I was quite looking forward to comparing the 2001 and 2004 vintages of the Reiver Barossa Shiraz in the relaxed setting of the Goode kitchen, where it’s not just a question of a sniff, a slurp, a spit and a rapidly penned note. At home there’s time to revisit a wine; to drink it; to try to get to understand what it is saying.
I uncorked the 2001 (the 2004 is screwcapped), and took a sniff. Very sweet and forward, not much else. A few minutes later and I came back to it. It wasn’t quite right. Under the sweet fruit was a faint earthy, slightly musty edge. This persisted for a couple of days. I can only assume it’s fallen victim to some low level cork taint. Not enough for it to be obvious, but enough for the wine not to be working properly.
So on to the 2004. Initially this showed sweet jammy fruit, but after a while it developed a savoury nose of red and black fruits, with good purity and a minerally, tarry core. The concentrated palate showed lots of sweet fruit and some spicy tannin, with a hint of greenness. The second day it became complex, chocolatey, spicy and liquoricey, with good structure.
It wasn’t utterly convincing, though (and when I checked back later, I saw that this was the least impressive of the premium wines when I'd tasted them before, although it was still pretty good). Then I looked more closely on the back label.
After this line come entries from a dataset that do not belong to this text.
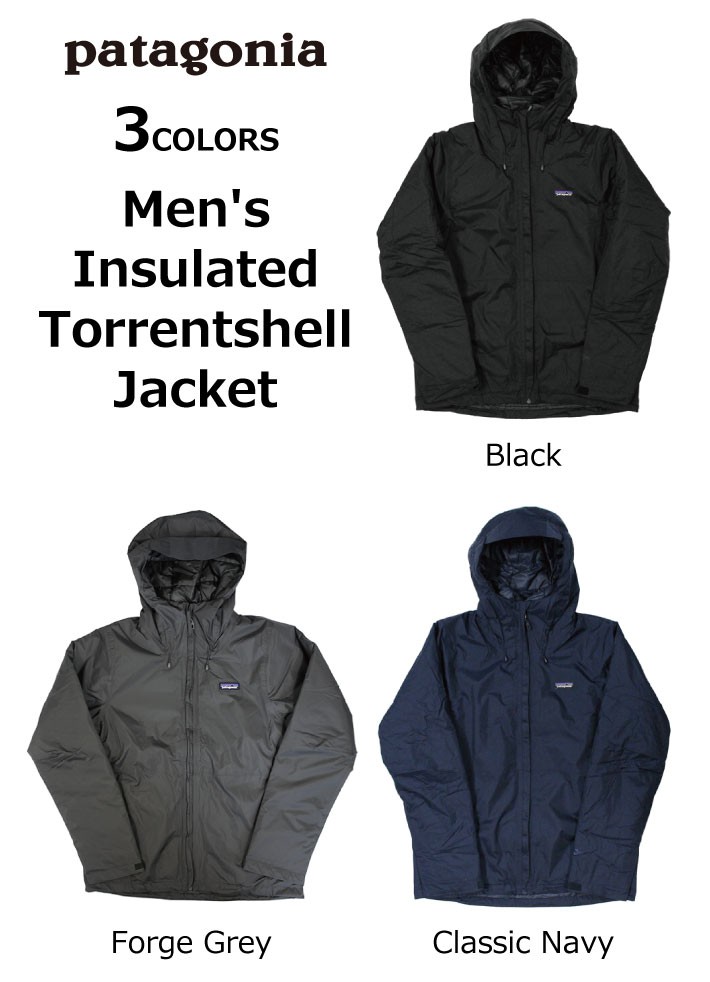 patagonia パタゴニア Men's Insulated Torrentshell Jacket メンズ 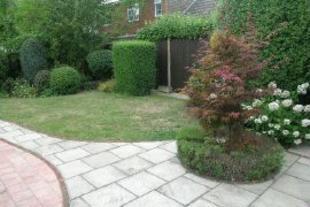 Outside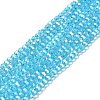 Transparent Glass Beads EGLA-A035-T3mm-B08-1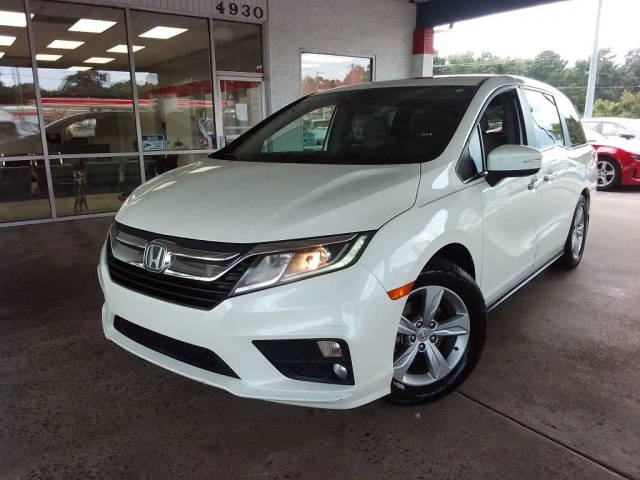 2018 Honda Odyssey EX-L FWD photo
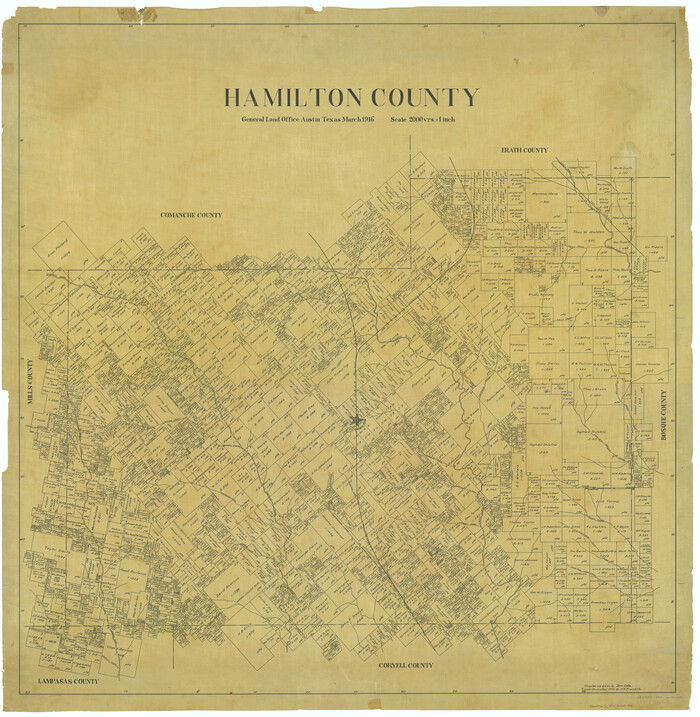 66851, Hamilton County, General Map Collection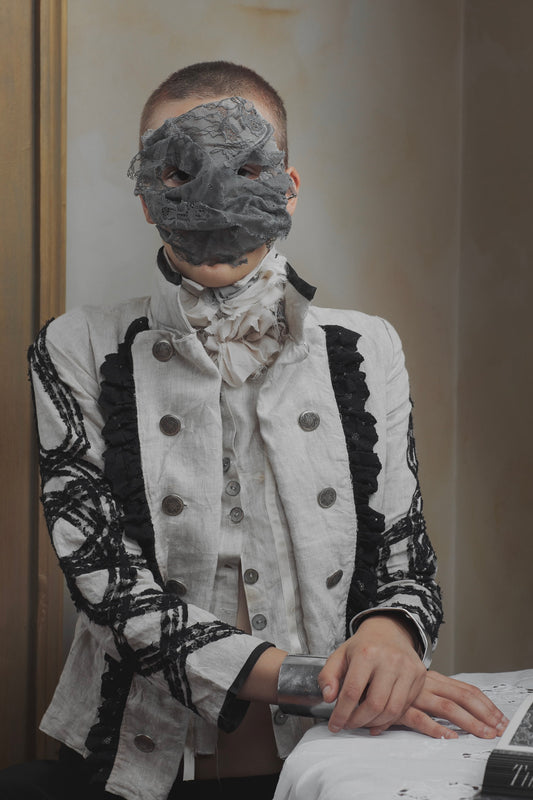 Double Breasted Military Jacket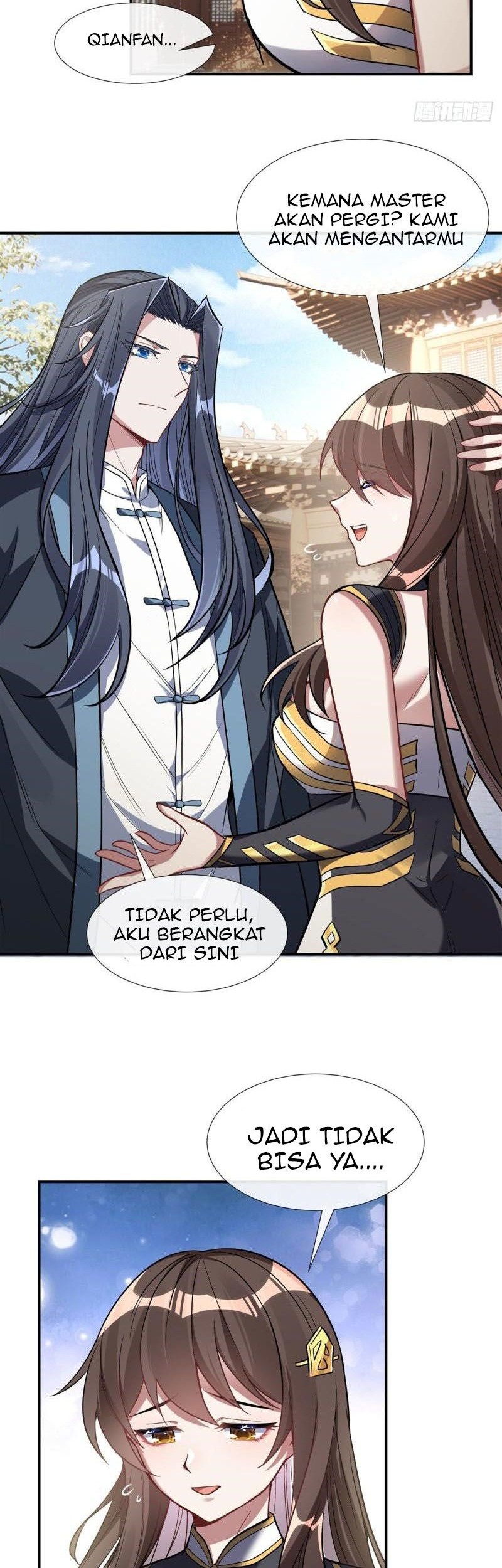 My Female Apprentices Are All Big Shots From the Future Chapter 91 Gambar 9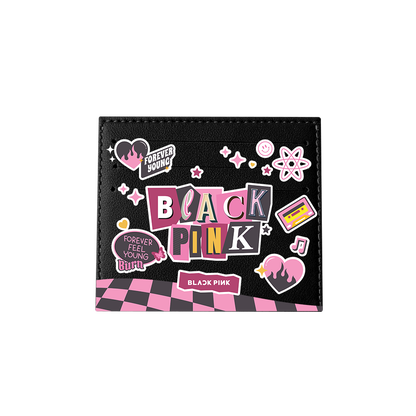6 Slots Card Holder - Blackpink Forever Young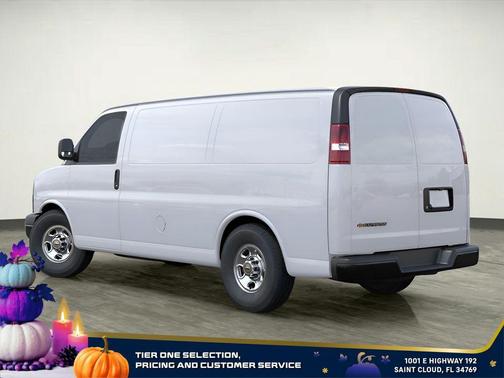 2025 Chevrolet Express 2500 RWD 2500 Regular Wheelbase WT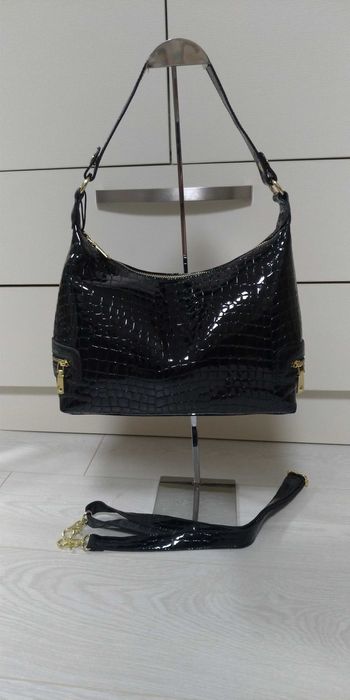 Кожаная женская сумочка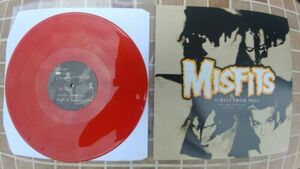 MISFITS レア 12インチ INCH レッド / VINYL,samhain,danzig,metallica,slayer,pushead,gwar 海外 即決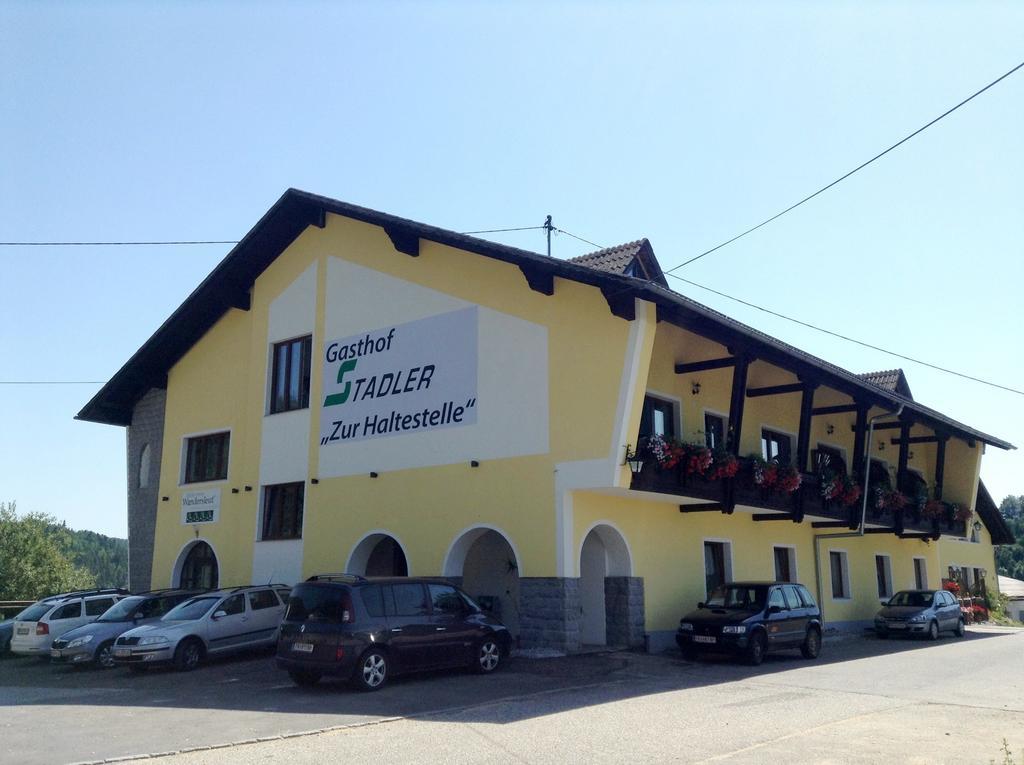 Gasthof Zur Haltestelle Lasberg Bagian luar foto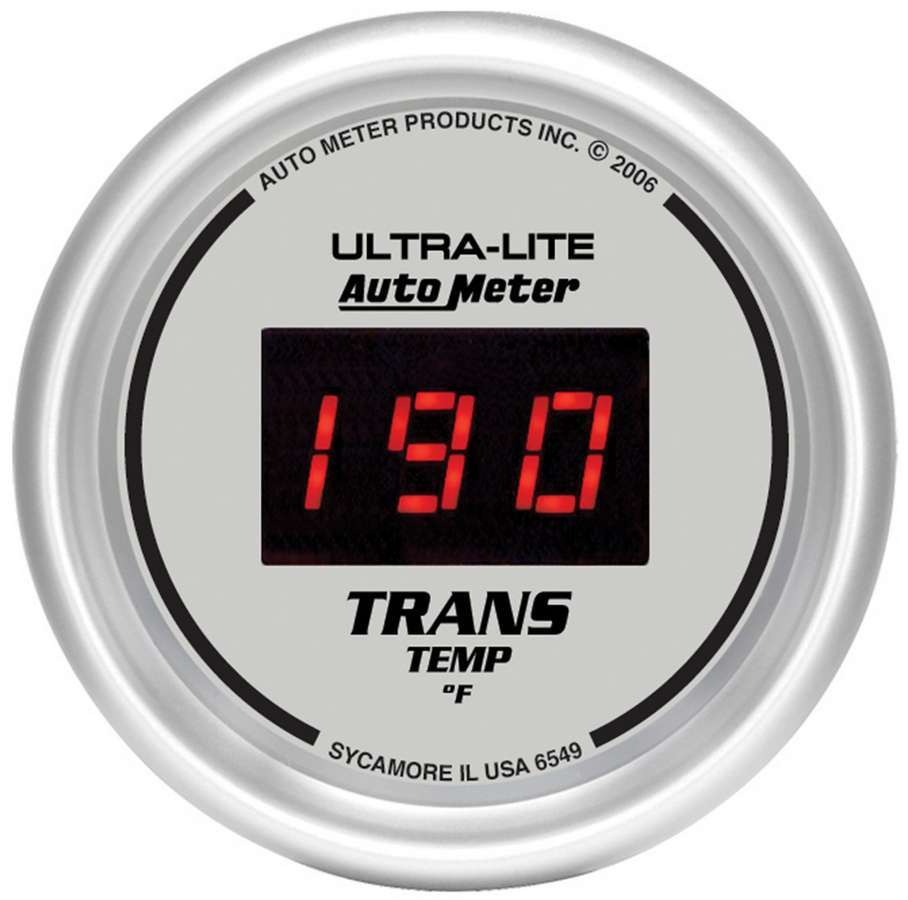 2-1/16in DG/S Trans Temp Gauge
This wine was labelled ‘late harvest’, and the displayed alcohol level was 15%. I’m not saying that it’s fundamentally wrong to have high alcohol levels: some wines can carry this. Grenache, in particular. But it does affect the wine when you reach levels of 15%, which I think is just too much for most table wines to bear. Would this wine have come across better at lower alcohol? You know, it might have done. It's hard to say, for sure, and Ben has to work with what nature gives him. But high alcohol is an issue that worries me.